This morning I woke up in the gorgeous Bay Ridge neighborhood in Brooklyn. Maura and I had dinner and drank wine and laughed and shared funny stories last night. A little background on Maura-- we had at one point dated the same person (who shall remain nameless to protect his privacy, although I'm sure everyone pretty much knows and I'm pretty sure he doesn't care if I share the story anyhow. It's okay, right Ralph?) ...... So at any rate....one of the stories Maura and I shared went a lil' something like this:

Maura: Several years ago I dated this guy who was a cop and he lived in Brooklyn with his parents.
Laurie: For real? So did I.....except he moved to Staten Island. Chris A^!)**@. Sweet guy.
Maura: Wait a minute. Did he have a mustache? Was he a "housing" cop?
Laurie: Ummm.....Italian? Grew up in Bensonhurst? MrTn2104 on AIM?
Maura: Holy Shit, Laurie! We dated two of the same guys!
Laurie: That was in 2001. Sweet guy. Just no spark. Met him on match.com
Maura: I did match.com too!!! Just tell me you never dated Brad the Lawyer....
Laurie: Umm......Brad the lawyer in West Village with the Golden Retriever?
Maura: Brad the lawyer in West Village with the Golden Retriever, Jewish, last name T@*&*($*&
Laurie: Is this even POSSIBLE in a city of 8.5 million people, that we would have not one, not two, but THREE men in common?
Maura: Just goes to prove that there are more men than women in this world.

Crazy, right? I guess it makes sense. We both have blue eyes, long hair (although Maura's is blonder than mine), counseling backgrounds, and similar sense of humor.
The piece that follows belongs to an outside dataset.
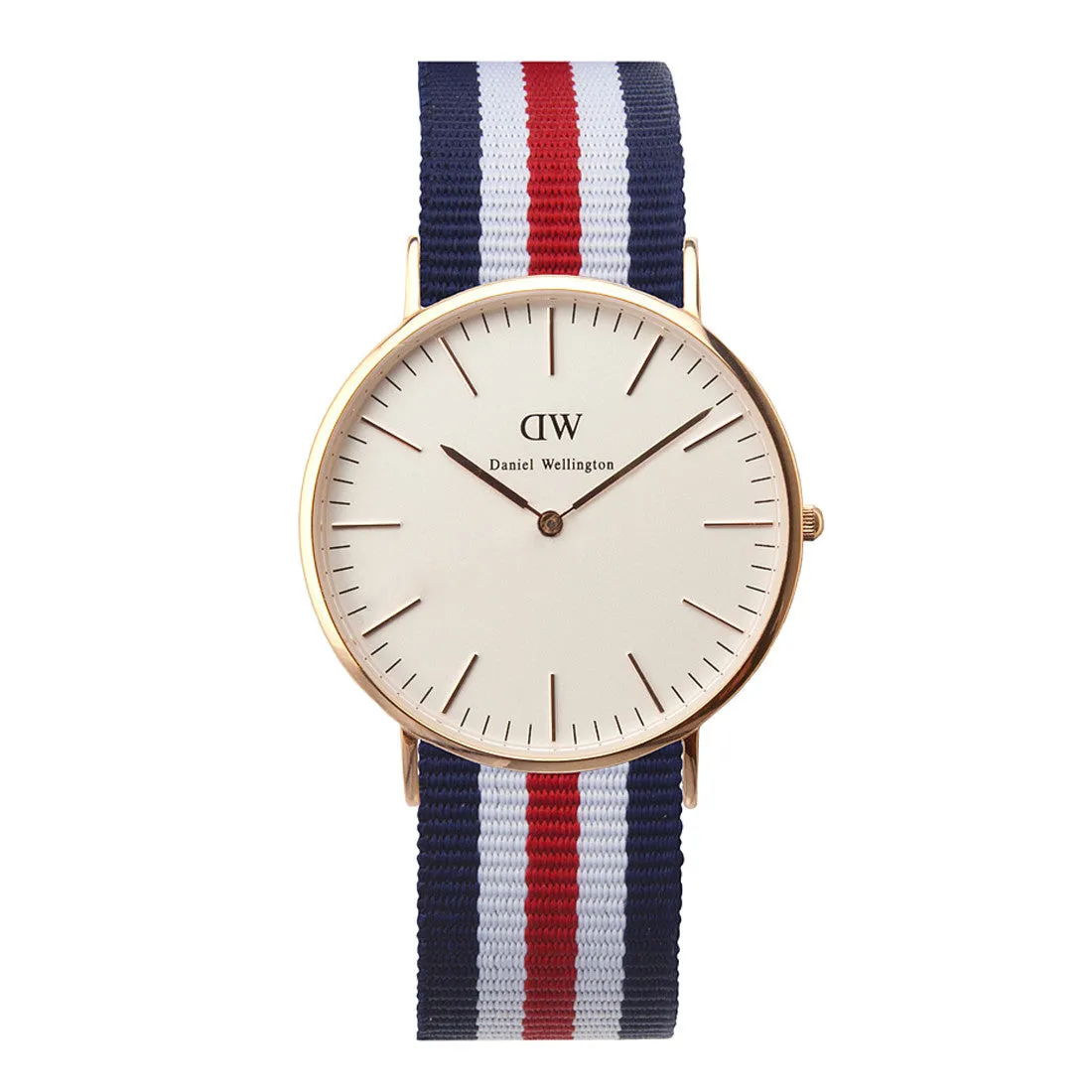 Daniel Wellington Canterbury Watch - Rose Gold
And honestly, match.com is a small world. Mary and I signed up for it once at the same time and we got a lot of the same people. Now I want to get in touch with Chris A. He was sweet, but there wasn't the chemistry necessary to maintain a relationship. I do think he had an easy-going personality though, and would get a kick out of this. Maura heard from Brad T. within the last six months, so I think we should let him know too. I thought he was kinda pompous and perverted, but I still think it would be funny to let him know about this synchronicty.
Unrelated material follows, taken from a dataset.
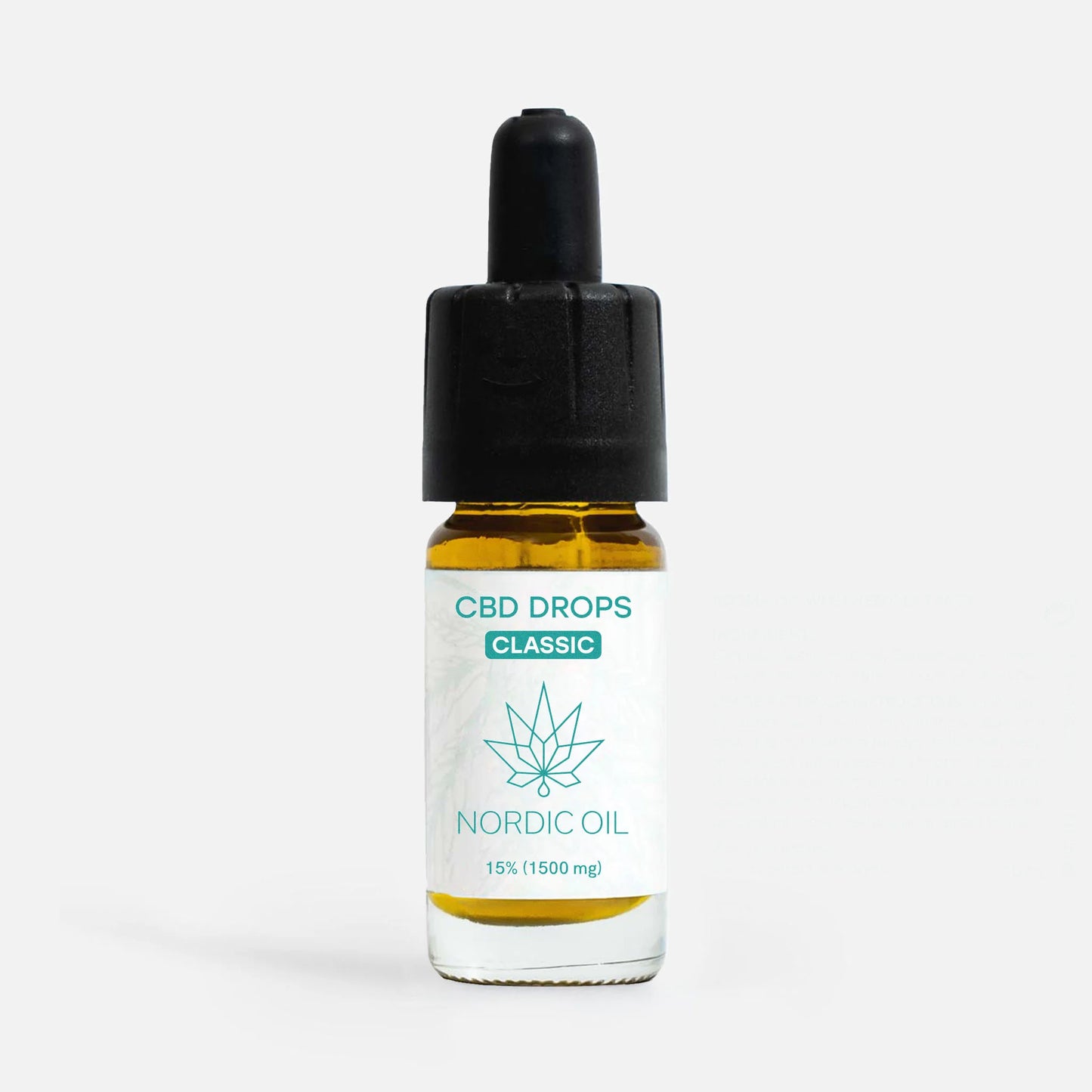 Olio CBD (15%) Classic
So this morning I treked it from the bottom of Brooklyn to the top of Manhattan (took an hour and a half on three different subway lines). This morning I renewed my lease (just one more lousy year in that place) and discovered that my rent is only going up $27, not $36, which isn't tooooo bad (although rent increases still suck). I was walking through Inwood to the Management Company and I realized "Inwood really isn't so bad." It's actually quite pretty when there aren't a bunch of icky men making vulgar comments to me in Spanish. There are trees and parks and sunshine and birds. It's just *my* street that is bad. The rest of the neighborhood is great. (Although parking really sucks there). But it only takes me 40 minutes to get to work by subway.

So I decided to wave, wink, and smile back to anyone who waved, whistled or "Hi Mami"ed me today. Construction workers, garbage men, hoodlams, homeless people, truck drivers, etc. It was fun. I don't think they know how to respond when a woman actually responds back. But they did smile back at me , albeit with a kind of blank/amazed expression on their faces. So from now on I think I'm going to be flattered instead of being irritated when slimebags whistle. I mean, it must mean that I'm not *that* grossly obese or ugly. So I am now turning it into something that makes me feel good.

And I also feel immensely amused that Maura and I dated three of the same men in a city of 8.5 million of them.